When 5,200 Chabad-Lubavitch emissaries and guests gather on Sunday evening for the grand banquet of the annual International Conference of Chabad-Lubavitch Emissaries (Kinus Hashluchim), they will be joined virtually this year by 93-year-old Rabbi Herschel Feigelstock, the former principal at the Rabbinical College of Canada, who plans to watch the live broadcast from his home in Montreal. The Vienna-born rabbi will be marking 70 years since he became a shaliach when he accepted a part-time position teaching in Chabad’s nascent parochial school for boys while still a student around the end of World War II.
Here, the rabbi shares his memories of Chabad in pre-war Europe, as well as the early years of Chabad’s growth in Canada, where he has lived since being released from a British internment camp during World War II.

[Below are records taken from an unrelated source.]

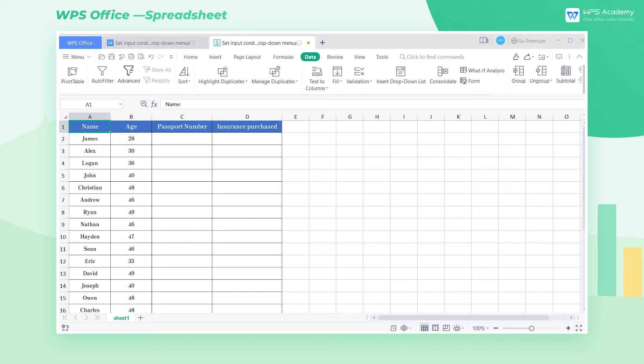The data validation feature of the WPS spreadsheet can help us quickly complete the setting of input conditions and drop-down menus, thereby improving the accuracy of our input data.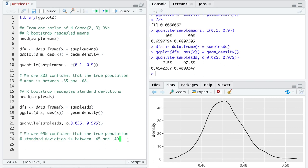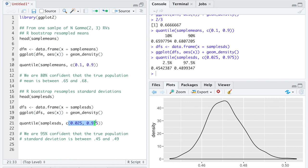The key things that separate this second example from the first: here we have bootstrap resampled standard deviations, so we reference the true population standard deviation in the sentence. Second, we chose percentiles that put 95% of the resampled standard deviations between those two percentiles, making this a 95% confidence interval. These are the general interpretations I want you to practice and rehearse — written exactly like this, but in context of the data with units.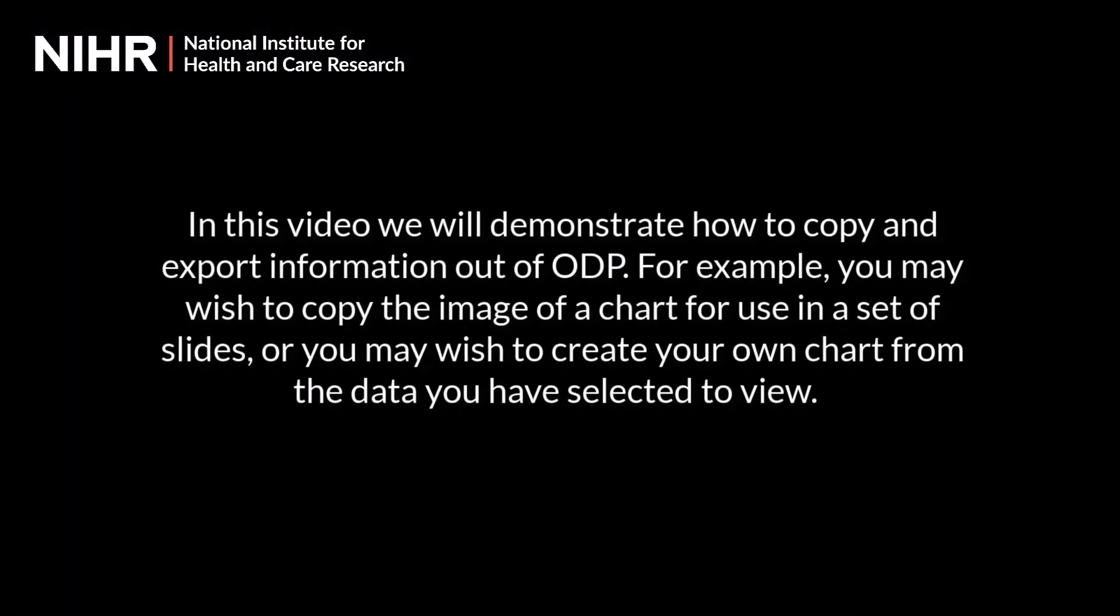In this video we will demonstrate how to copy and export information out of ODP. For example, you may wish to copy the image of a chart for use in a set of slides.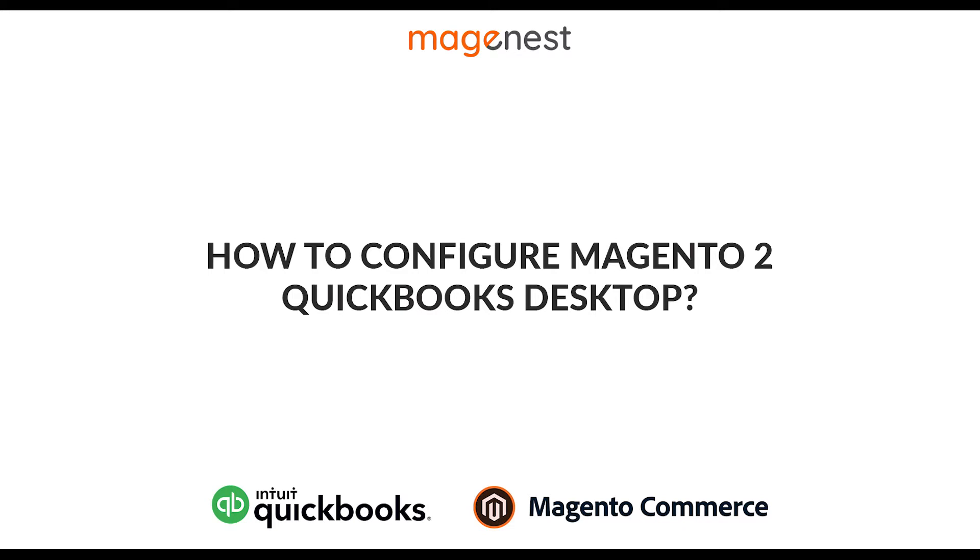Hello and welcome to MageNet's instruction video on how to configure the QuickBooks Desktop extension for Magento 2. For QuickBooks Desktop users, please install the QuickBooks Web Connector before using our extension.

Q: Can you share a bit about your childhood? What was Jewish education like in Vienna in the 1930s?
A: I grew up in the Viennese Orthodox community, which was very traditional and very learned—but decidedly non-Chassidic—following the traditions of the Chatam Sofer. Between the world wars, many Chassidic Jews from Galicia came to Vienna since Galicia had become part of Austria, but it didn’t really carry on to the youth.

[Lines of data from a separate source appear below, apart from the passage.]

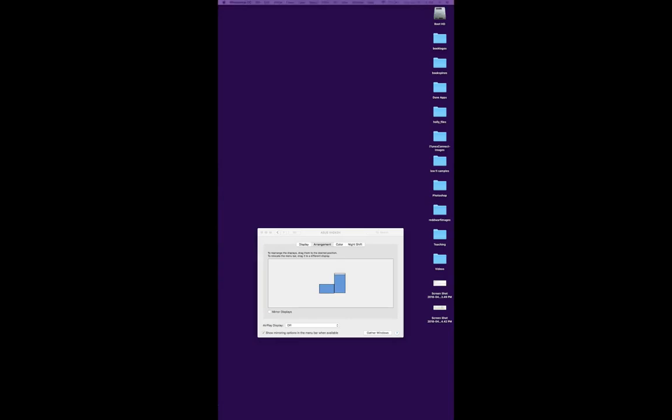Now I think if I maximize it on this screen, it'll be back to normal. And there you go.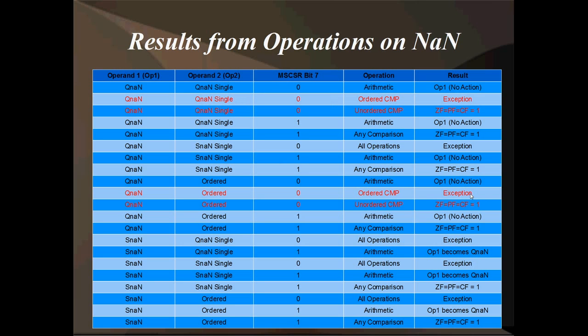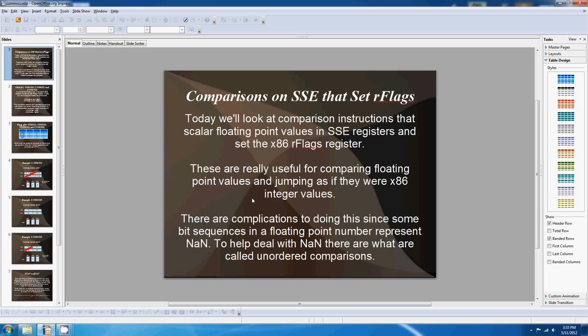That's all I wanted to say about these comparison instructions — they're quite cool. Use them to compare SSE registers and set the RFLAGS. Thank you for listening. See ya.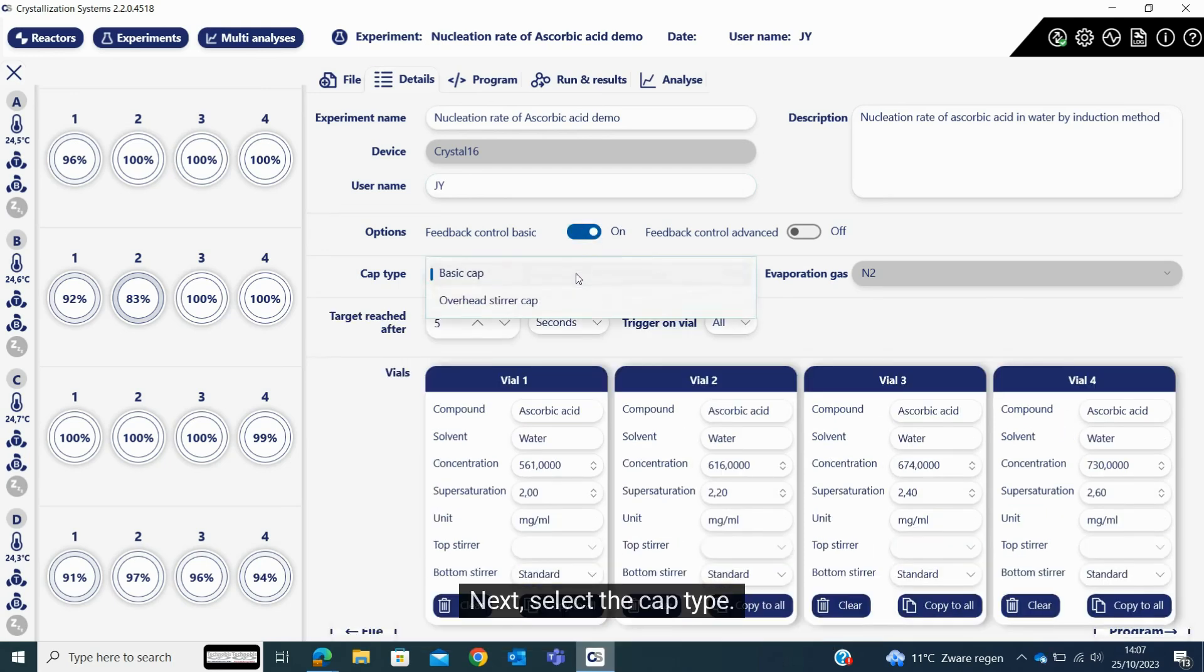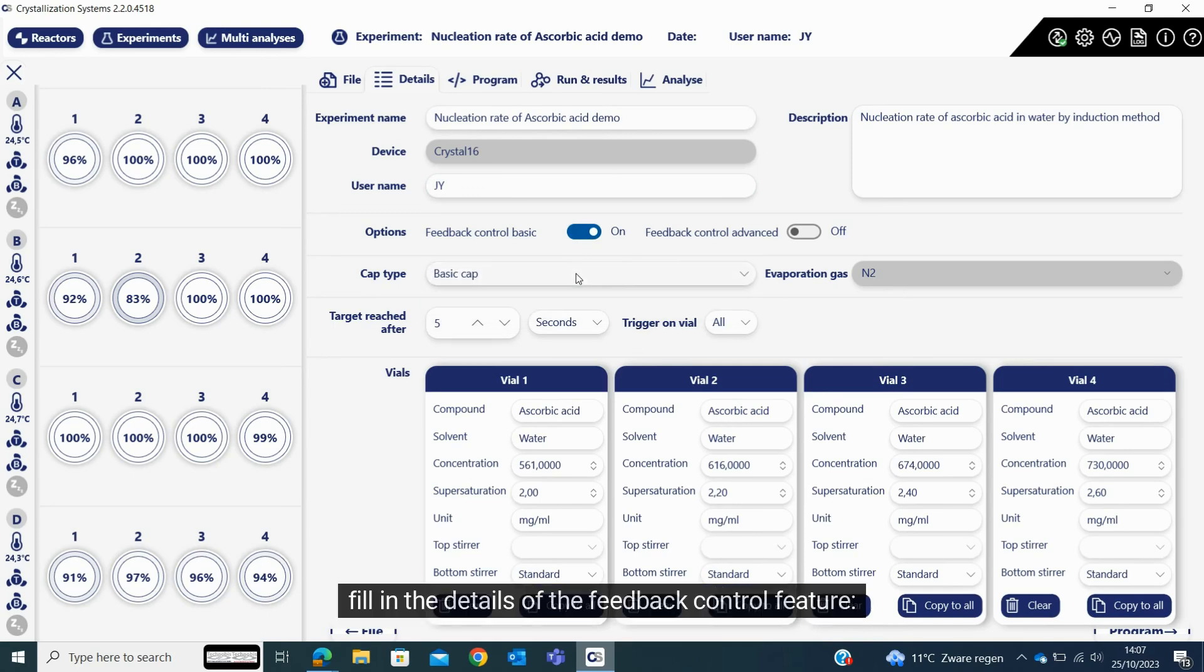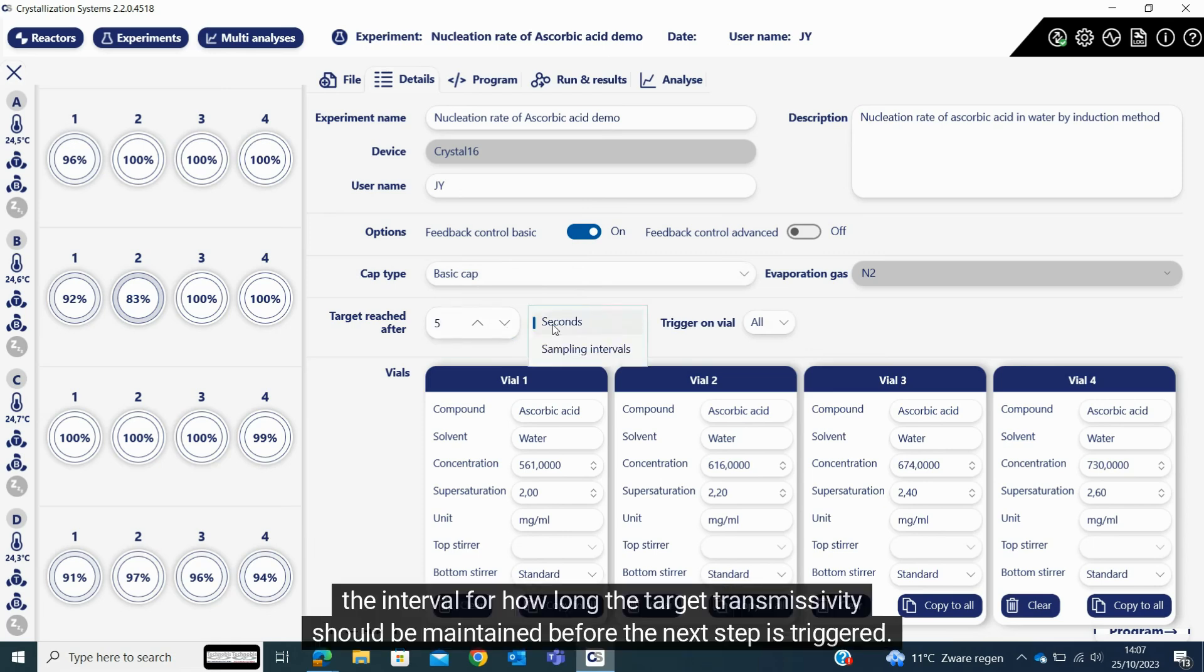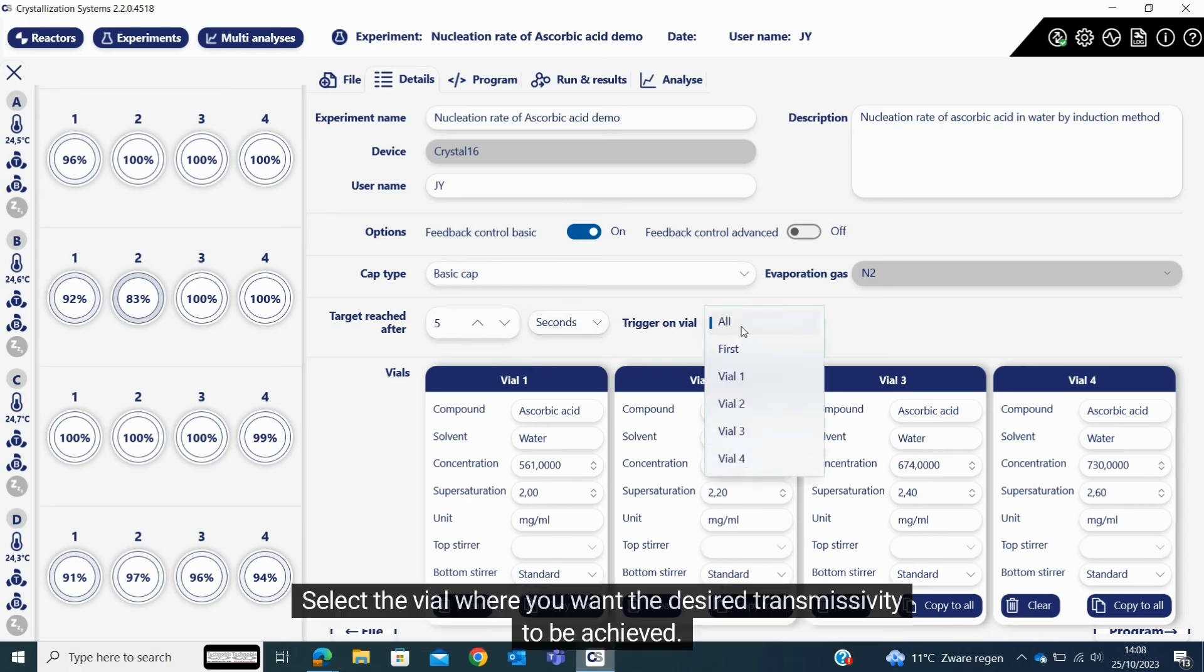Next, select the cap type. Fill in the details of the feedback control feature. The interval for how long the target transmissivity should be maintained before the next step is triggered. Select the vial where you want the desired transmissivity to be achieved.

My father was a learned man—a businessman who made sure to teach Torahevery morning and every evening, and who lectured for several hours every Shabbat.
There was just one Jewish school in Vienna at the time. In certain respects, it was similar to a public school except that the children did not go bareheaded, and they were given off on Shabbat instead of Sunday. Of course, there were also rudimentary Judaic studies in the afternoon, but it was not nearly enough for families wishing their sons to becomeTalmud scholars. Those families would make sure to send their sons for additional classes in the afternoon.
When my father had the means, he pulled my brother, who was one year older than me, and me out of school and had us privately tutored. We learned Talmud in the morning and secular subjects from a religious teacher in the afternoon. We would go twice a year to be tested in a public school, but that was it. When my father was no longer able to afford private tutoring, he invited some others to join us, and we formed a group.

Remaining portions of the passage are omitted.